Banks worth $47 trillion adopt new UN-backed climate, sustainability principles

[High rises and hotel buildings in Punta Pacifica, Panama City, Panama, which has one of the largest banking sectors in Central America.] Gerardo Pesantez/World Bank
(UN News Wire) – Banks collectively with more than $47 trillion in assets, or a third of the global industry, signed up on Sunday to new United Nations-backed responsible banking principles in a massive boost for climate action and the shift from “brown to green” models of economic growth.

In the Principles, launched one day ahead of the UN Climate Action Summit in New York, banks commit to strategically align their business with the goals of the Paris Agreement on Climate Change and the UN Sustainable Development Goals (SDGs), and massively scale up their contribution to the achievement of both.

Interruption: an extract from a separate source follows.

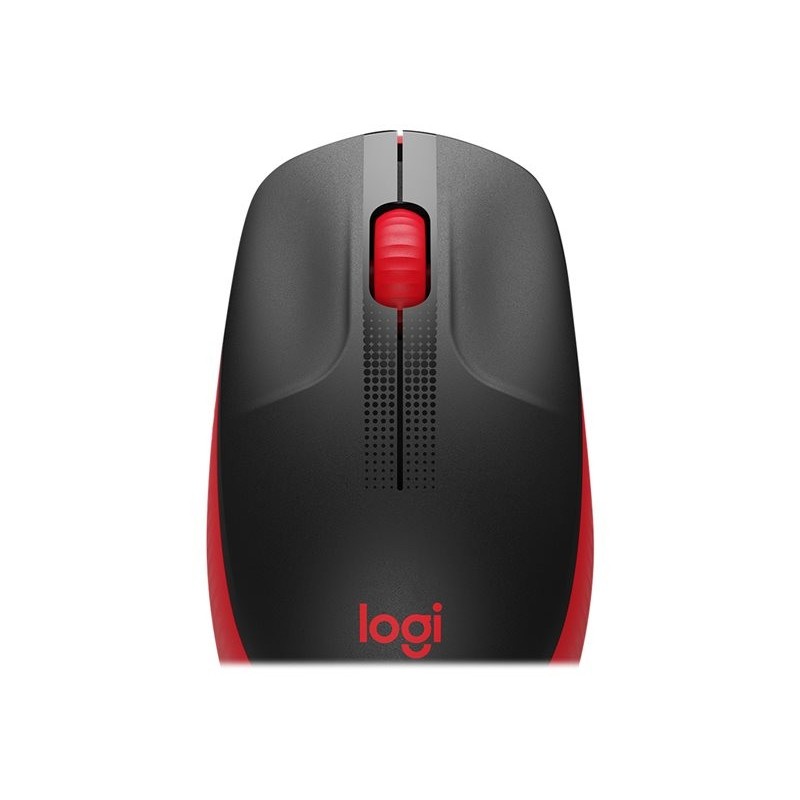 LOGITECH M190 Mouse optical 3 buttons wireless USB wireless receiver red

“The UN Principles for Responsible Banking are a guide for the global banking industry to respond to, drive and benefit from a sustainable development economy,” UN Secretary-General António Guterres said at the launch event, adding that they also “create the accountability that can realize responsibility, and the ambition that can drive action.”

By signing up to the Principles, banks said they will among other goals, aim to “increase our positive impacts, while reducing the negative impacts, and managing risks to people and the environment from our products and services.”

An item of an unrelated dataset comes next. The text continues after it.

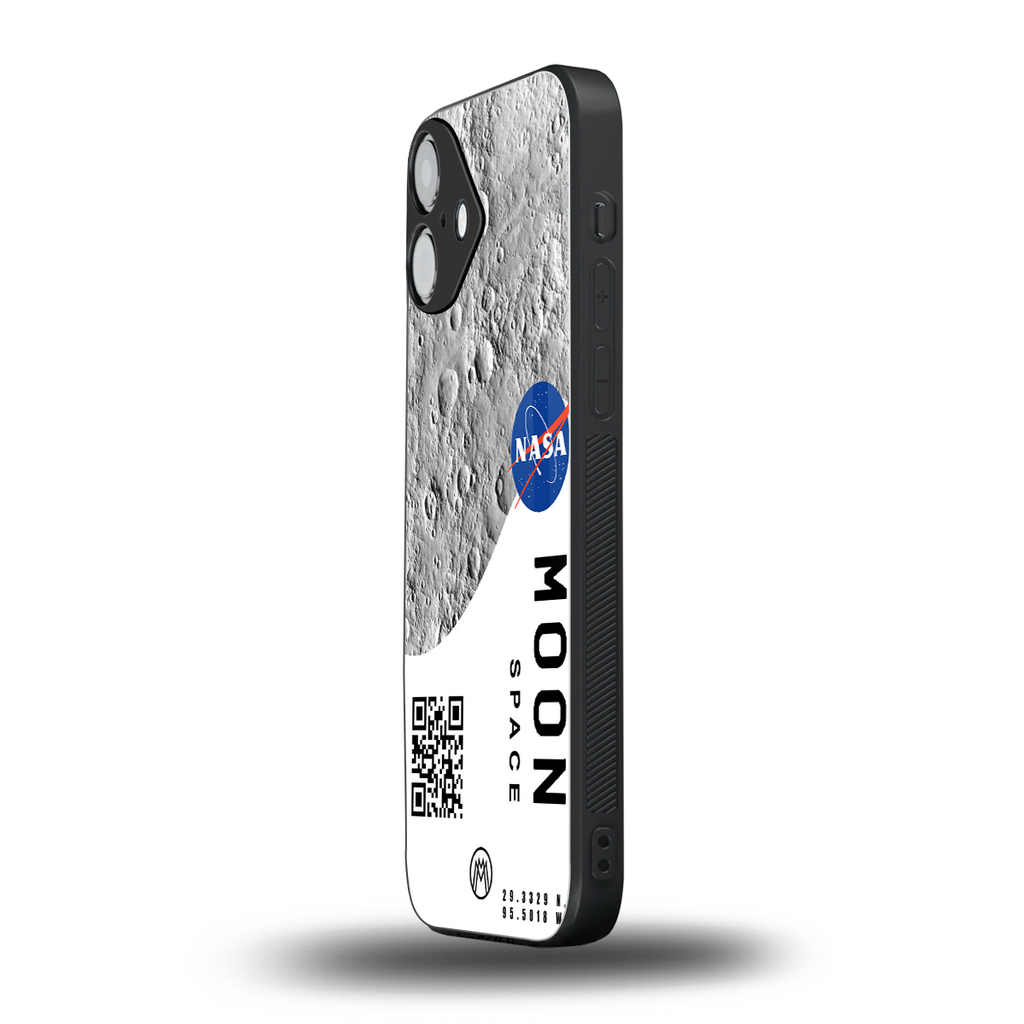 moon space back phone cover | glass case for iphone 16 plus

“How you, as business leaders, respond can be a defining moment for our global goals. Only public-private cooperation can deliver sustainable development,” Mr. Guterres said.

He challenged the 130 Founding Signatories and over 45 of their CEOs gathered for the event to not only align their business goals with the SDGs, the UN’s blueprint for tackling poverty, protecting the environment and ensuring a fairer world for all, but also to support gender equality, to invest in climate action and to disinvest from fossil fuels and pollution in general.